• **What the task asks**
Take every line in the entries that includes the word "landscape" and copy it.
BEGIN
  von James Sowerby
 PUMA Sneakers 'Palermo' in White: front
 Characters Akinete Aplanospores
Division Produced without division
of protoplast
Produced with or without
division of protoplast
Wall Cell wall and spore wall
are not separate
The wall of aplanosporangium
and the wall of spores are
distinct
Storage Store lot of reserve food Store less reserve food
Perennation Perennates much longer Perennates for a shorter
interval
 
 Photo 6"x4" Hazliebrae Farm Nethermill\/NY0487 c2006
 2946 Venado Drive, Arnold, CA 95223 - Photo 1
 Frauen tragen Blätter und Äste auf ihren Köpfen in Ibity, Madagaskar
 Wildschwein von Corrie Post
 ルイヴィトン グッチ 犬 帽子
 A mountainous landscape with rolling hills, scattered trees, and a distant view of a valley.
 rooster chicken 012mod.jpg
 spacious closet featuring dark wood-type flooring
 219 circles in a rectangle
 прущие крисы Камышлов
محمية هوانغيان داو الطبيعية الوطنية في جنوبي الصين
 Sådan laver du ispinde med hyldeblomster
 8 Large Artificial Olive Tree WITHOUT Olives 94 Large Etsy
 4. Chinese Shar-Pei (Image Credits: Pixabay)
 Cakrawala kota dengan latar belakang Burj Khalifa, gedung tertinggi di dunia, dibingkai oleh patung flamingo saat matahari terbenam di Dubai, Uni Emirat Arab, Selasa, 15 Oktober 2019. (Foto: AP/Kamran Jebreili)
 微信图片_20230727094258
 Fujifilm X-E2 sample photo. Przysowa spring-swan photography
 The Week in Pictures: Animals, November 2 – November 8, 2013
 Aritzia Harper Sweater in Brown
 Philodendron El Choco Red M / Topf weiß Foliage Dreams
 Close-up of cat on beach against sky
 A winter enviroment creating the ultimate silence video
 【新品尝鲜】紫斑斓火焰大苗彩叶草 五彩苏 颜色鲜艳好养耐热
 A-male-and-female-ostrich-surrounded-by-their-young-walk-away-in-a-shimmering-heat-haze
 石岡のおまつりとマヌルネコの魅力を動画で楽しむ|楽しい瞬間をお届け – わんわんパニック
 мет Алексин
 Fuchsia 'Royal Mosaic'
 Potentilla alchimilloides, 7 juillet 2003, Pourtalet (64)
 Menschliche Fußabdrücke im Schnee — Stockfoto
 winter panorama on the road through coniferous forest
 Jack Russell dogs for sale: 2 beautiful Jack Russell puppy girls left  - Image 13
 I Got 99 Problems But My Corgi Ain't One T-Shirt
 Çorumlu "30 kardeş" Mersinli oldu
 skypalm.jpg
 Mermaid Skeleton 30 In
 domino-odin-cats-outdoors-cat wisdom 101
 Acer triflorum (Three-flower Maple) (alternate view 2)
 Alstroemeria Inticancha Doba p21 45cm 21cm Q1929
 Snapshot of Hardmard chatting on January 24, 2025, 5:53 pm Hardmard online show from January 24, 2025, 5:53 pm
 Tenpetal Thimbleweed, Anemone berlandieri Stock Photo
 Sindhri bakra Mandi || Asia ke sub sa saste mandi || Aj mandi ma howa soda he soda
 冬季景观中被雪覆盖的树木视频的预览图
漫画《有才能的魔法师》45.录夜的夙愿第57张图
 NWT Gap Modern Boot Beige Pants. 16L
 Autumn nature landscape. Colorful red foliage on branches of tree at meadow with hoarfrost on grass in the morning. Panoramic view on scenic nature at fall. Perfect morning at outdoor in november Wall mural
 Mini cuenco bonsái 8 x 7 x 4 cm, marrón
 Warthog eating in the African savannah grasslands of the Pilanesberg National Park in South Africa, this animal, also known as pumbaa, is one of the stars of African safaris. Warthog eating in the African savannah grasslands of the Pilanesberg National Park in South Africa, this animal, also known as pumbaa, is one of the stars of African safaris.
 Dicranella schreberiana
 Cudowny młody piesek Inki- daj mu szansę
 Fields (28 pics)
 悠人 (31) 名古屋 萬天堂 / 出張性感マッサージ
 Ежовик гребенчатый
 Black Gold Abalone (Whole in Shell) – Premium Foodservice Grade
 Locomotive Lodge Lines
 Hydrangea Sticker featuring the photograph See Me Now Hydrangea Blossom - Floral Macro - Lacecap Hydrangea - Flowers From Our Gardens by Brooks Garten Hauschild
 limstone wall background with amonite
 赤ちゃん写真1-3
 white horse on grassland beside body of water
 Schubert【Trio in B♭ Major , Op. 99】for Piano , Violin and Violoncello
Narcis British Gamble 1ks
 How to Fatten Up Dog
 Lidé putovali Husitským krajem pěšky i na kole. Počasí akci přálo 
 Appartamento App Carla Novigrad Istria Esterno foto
END
• **Result of the exercise**
 A mountainous landscape with rolling hills, scattered trees, and a distant view of a valley.
 Autumn nature landscape. Colorful red foliage on branches of tree at meadow with hoarfrost on grass in the morning. Panoramic view on scenic nature at fall. Perfect morning at outdoor in november Wall mural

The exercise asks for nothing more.